The factor of Z2 refers to hydrogen-like atoms.

In the first or second formula the h should be h bar (h/2Pi). The last formula you presented is slightly more complicated because the lattice gives the electron an effective mass different from its isolated mass. I wouldn't worry about this until you take solid state physics.

#### otaKu

In the first or second formula the h should be h bar (h/2Pi).
Even if I were to replace h by h/2π the formulas remain unequal. The 1st one has a π in it as well. I'd want to believe that the second one is correct but unfortunately the book I am reading seems to use the third one over and over which is essentially different from the second one even after I replace the h in second one with h/2π.

Staff Emeritus
The first uses different units than the second and third.

#### jtbell

Mentor
The first equation uses Gaussian units. See this page of the lectures from which the first equation was taken, and notice how he writes Coulomb's law.

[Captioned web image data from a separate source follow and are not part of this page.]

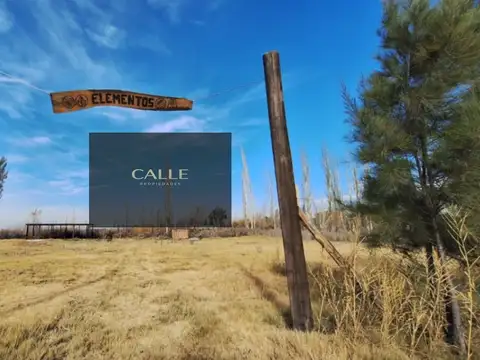 Terreno / Lote en venta de 3510m2 ubicado en Los Corralitos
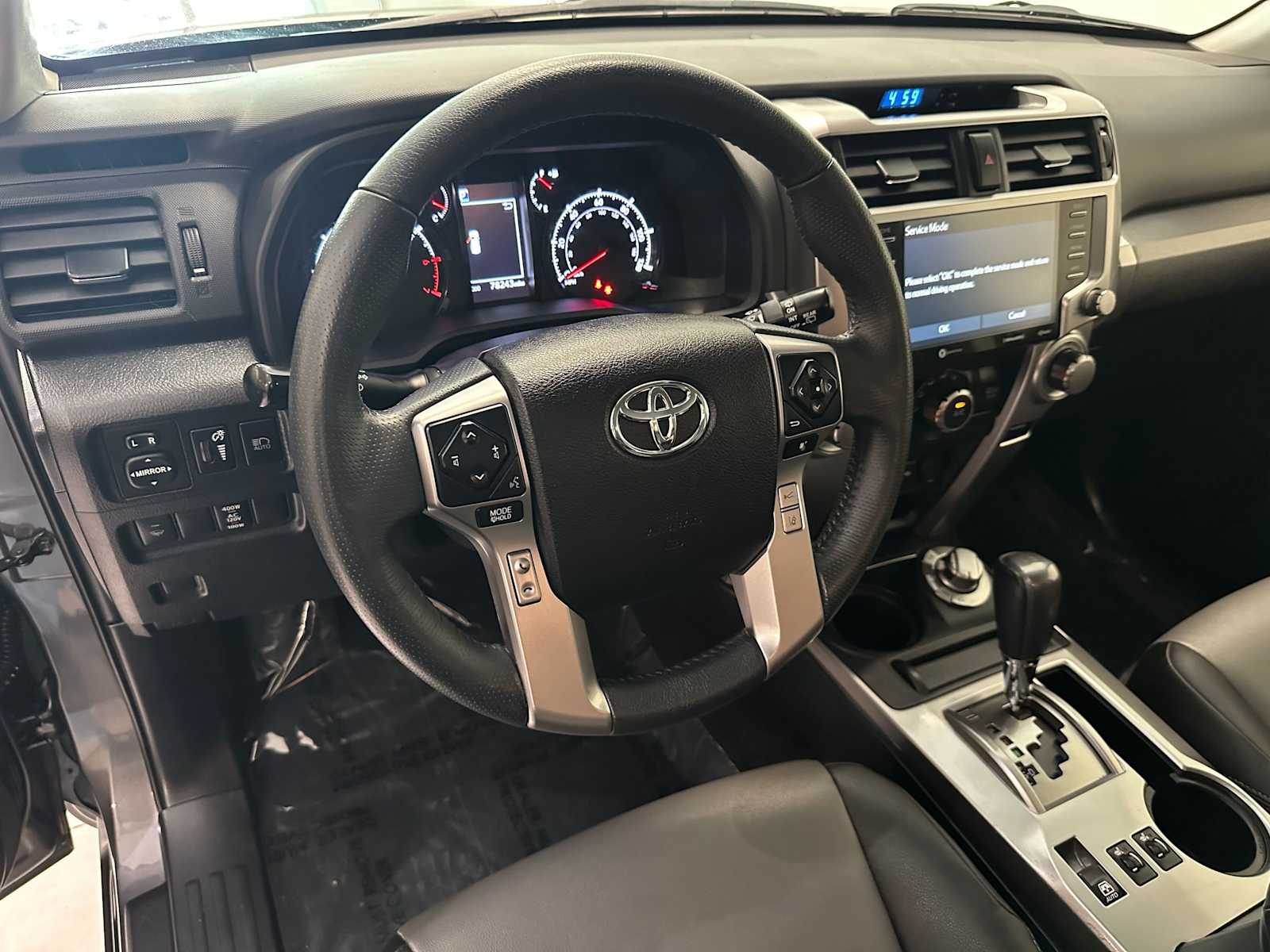 Thumbnail: 2021 Toyota 4Runner - 2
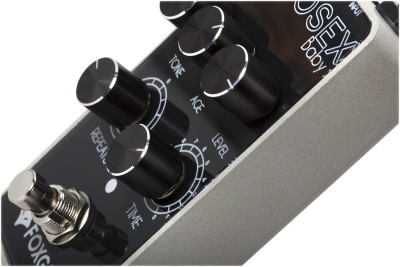 Foxgear Echosex Baby Pedale Delay  per Chitarra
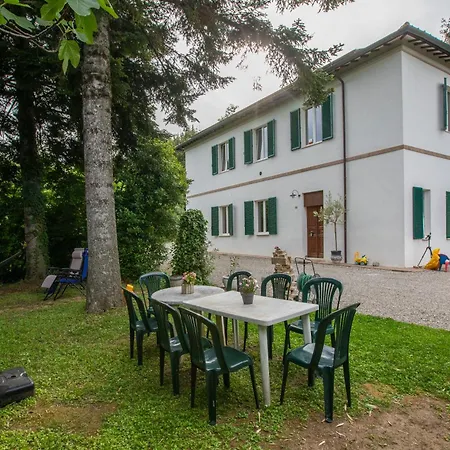 Mens Sana - Casa Grande Per Gruppi Nel * سيينا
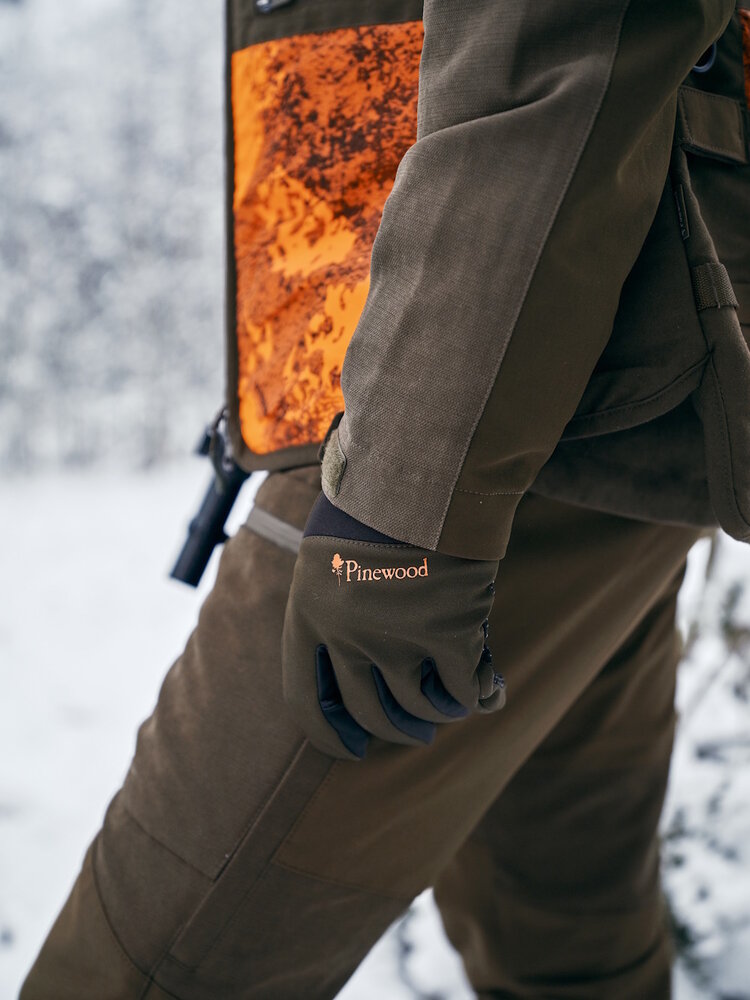 Pinewood Pinewood Hunter Neoprene Gloves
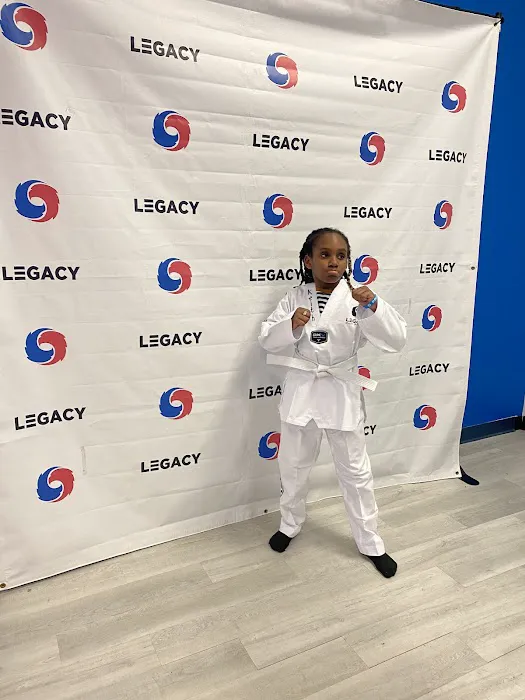 Legacy Martial Arts - Columbia Picture 4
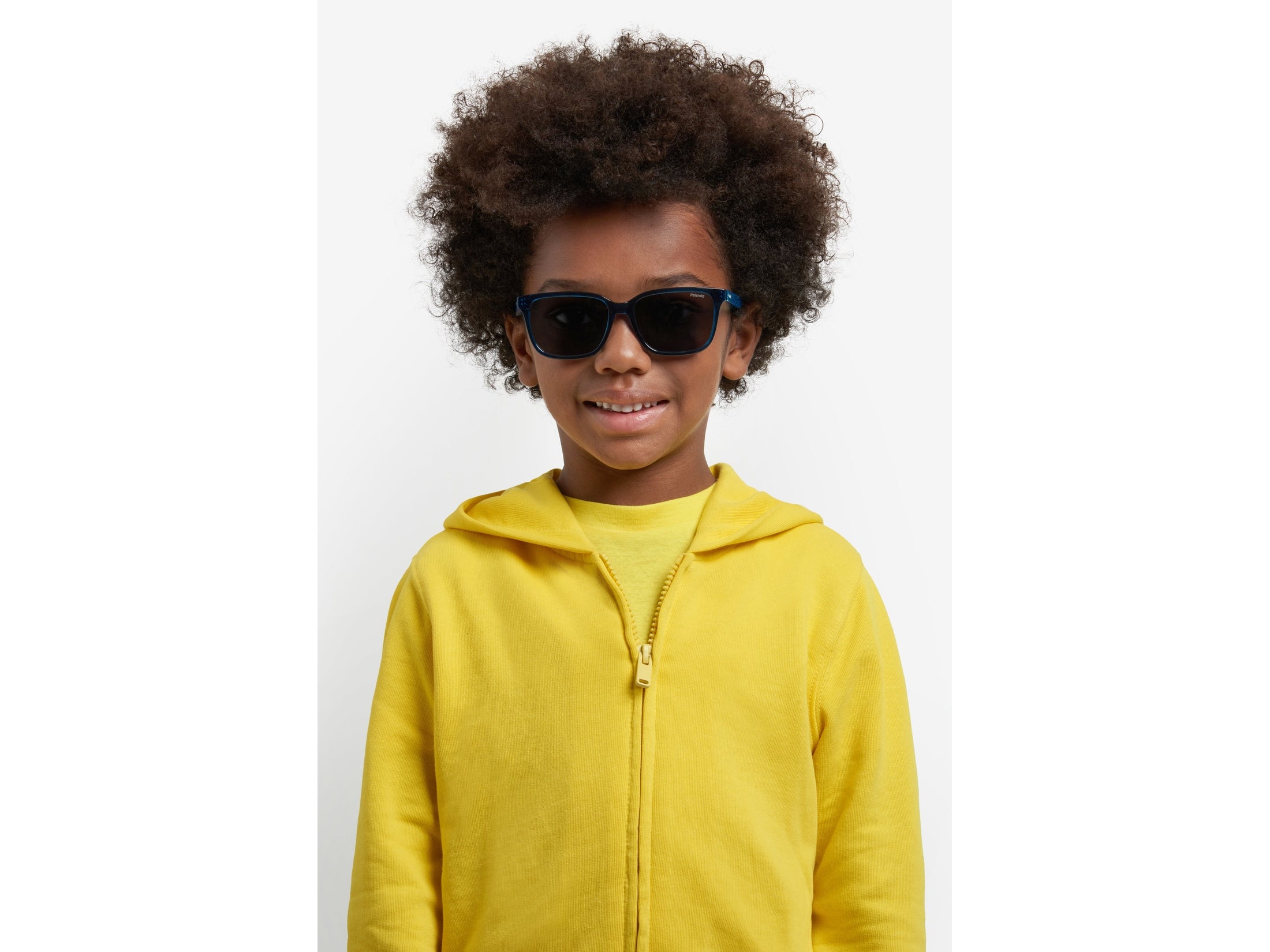 Polaroid Kids Square Sunglasses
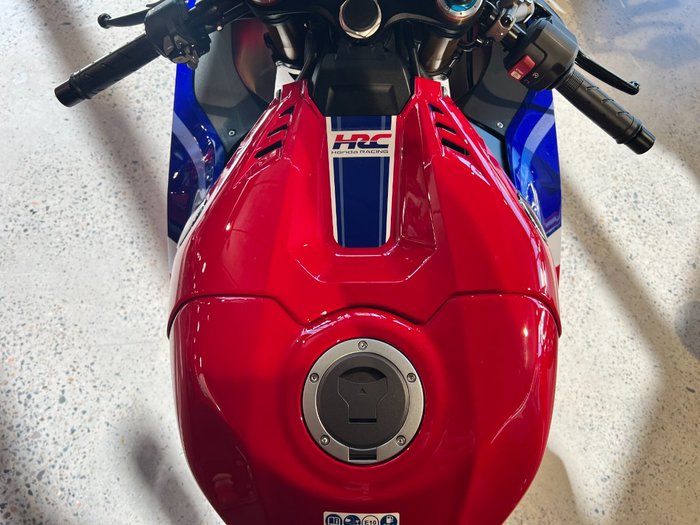 2024 Honda CBR1000RR-R SP (FIREBLADE) ABS RED
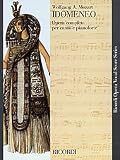 Idomeneo, K366 - Mozart - It - intro in Eng. -
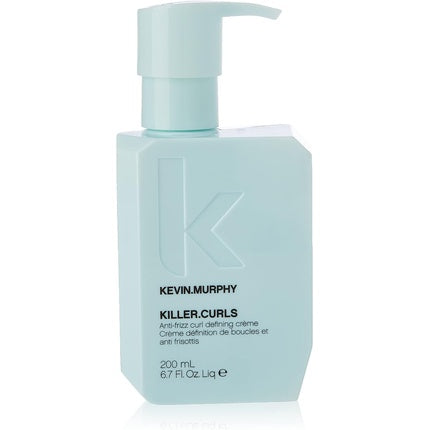 Cremă păr Kevin Murphy Killer.Curls, 200ml, albastru deschis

Compare it to how the MIT notes write Coulomb's law.

#### jtbell

Mentor
Google doesn't let me view the page from the third book, that you linked to, and I'm not familiar with that book, or with that field, so I'd better not try to guess what's happening here.

#### otaKu

Google doesn't let me view the page from the third book, that you linked to, and I'm not familiar with that book, or with that field, so I'd better not try to guess what's happening here.
The book's name is Optical Processes in Semiconductors by Pankove. He uses this equation to approximate the binding energy of an electron to it's parent impurity ion inside a solid by considering it as an hydrogen atom immersed in a dielectric medium. I'll post the image if it helps.

#### otaKu

The first uses different units than the second and third.
what about the third one? It seems different than the rest of the two and I don't seem to figure out a way to link it to either of them.

#### otaKu

Google doesn't let me view the page from the third book, that you linked to, and I'm not familiar with that book, or with that field, so I'd better not try to guess what's happening here.
I substituted the corresponding values of the constants and the second one is definitely in the SI notation. The first one, as you say is in gaussian, though I need to validate it by putting in the values of the constants. I suppose the third one is wrong and we need to replace the 2 with 8 there to convert it to SI.

#### jtbell

Mentor
The Ei in the third equation is a different energy from the En in the others. By letting En = - (13.6 eV)/n2 in the third equation, I get $$E_n = - \frac {mq^4} {2h^2 n^2}$$ which differs from the first equation by a factor of 1/(4π2), and from the second equation by a factor of $4 \varepsilon_0^2$. It might be yet another system of electromagnetic units, or it might be simply the result of a typographical error somewhere else.

#### otaKu

The Ei in the third equation is a different energy from the En in the others. By letting En = - (13.6 eV)/n2 in the third equation, I get $$E_n = - \frac {mq^4} {2h^2 n^2}$$ which differs from the first equation by a factor of 1/(4π2), and from the second equation by a factor of $4 \varepsilon_0^2$. It might be yet another system of electromagnetic units, or it might be simply the result of a typographical error somewhere else.
I get it now. All three are correct. Actually if we observe the coulomb law in SI and its counterpart in CGS we find that CGS units are such that the value of 1/4πε in CGS is 1. That is, ε(in CGS) = 1/4π. Substituting it in the third equations reduces it to 1st. *sigh* This might not be the best approach to do it but I guess it is correct. This thing consumed a hell lot of time. :/
Thank you everyone for their answers!
especially jtbell

#### jtbell

Mentor
Those different systems of electromagnetic units can be a real pain in the <insert least favorite part of the anatomy here>.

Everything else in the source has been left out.